**DIRECTIONS:** Copy the data verbatim and leave out every picture.

**COLLECTED DATA:**
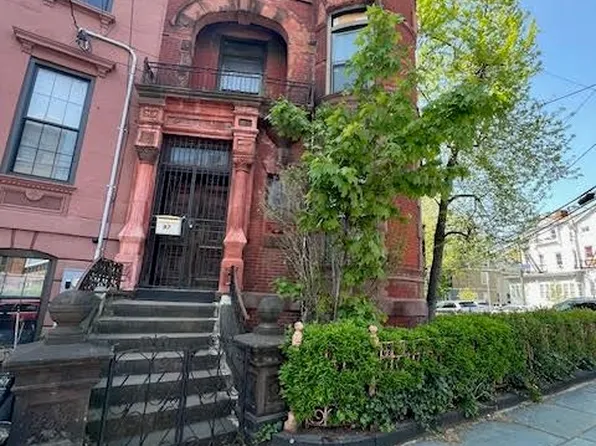 97 Summit Ave, Jersey City, NJ 07304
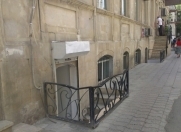 Satılır 3 otaqlı 152 m2 obyekt Səbail r.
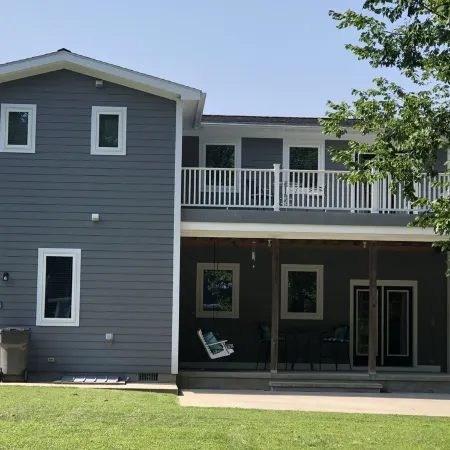 Newly Constructed Modern 1 Bedroom Apartment with Luxury Shower ~ Sleeps 3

**TASK OUTPUT:**
 97 Summit Ave, Jersey City, NJ 07304
 Satılır 3 otaqlı 152 m2 obyekt Səbail r.
 Newly Constructed Modern 1 Bedroom Apartment with Luxury Shower ~ Sleeps 3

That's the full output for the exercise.